» **Material shown**:
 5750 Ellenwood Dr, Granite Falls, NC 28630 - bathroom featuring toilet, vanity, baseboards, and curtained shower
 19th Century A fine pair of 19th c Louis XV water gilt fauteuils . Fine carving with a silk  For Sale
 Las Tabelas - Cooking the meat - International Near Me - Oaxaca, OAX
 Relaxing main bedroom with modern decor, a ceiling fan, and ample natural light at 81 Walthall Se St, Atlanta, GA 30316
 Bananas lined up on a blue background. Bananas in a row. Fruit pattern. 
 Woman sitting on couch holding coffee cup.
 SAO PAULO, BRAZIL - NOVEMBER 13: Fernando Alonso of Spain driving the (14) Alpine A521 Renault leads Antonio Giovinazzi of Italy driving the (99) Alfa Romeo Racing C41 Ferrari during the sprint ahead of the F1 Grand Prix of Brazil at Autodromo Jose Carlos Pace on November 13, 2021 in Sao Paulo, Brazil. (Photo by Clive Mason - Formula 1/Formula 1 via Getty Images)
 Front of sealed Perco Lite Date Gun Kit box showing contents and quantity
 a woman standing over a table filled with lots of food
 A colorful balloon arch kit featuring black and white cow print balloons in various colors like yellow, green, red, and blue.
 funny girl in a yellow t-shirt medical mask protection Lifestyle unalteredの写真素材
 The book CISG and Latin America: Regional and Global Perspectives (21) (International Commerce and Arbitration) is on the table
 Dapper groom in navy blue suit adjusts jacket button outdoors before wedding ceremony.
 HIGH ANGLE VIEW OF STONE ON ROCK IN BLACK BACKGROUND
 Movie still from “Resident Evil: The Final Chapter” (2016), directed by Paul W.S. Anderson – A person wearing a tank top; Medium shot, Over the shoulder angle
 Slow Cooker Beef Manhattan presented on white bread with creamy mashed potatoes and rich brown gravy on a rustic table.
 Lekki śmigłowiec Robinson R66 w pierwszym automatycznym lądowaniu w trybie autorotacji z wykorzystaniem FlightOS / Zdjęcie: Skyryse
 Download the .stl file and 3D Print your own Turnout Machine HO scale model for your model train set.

» **Task goal**: Lines of the material in which the word "yellow" occurs are to be copied out.

» **Written answer**:
 A colorful balloon arch kit featuring black and white cow print balloons in various colors like yellow, green, red, and blue.
 funny girl in a yellow t-shirt medical mask protection Lifestyle unalteredの写真素材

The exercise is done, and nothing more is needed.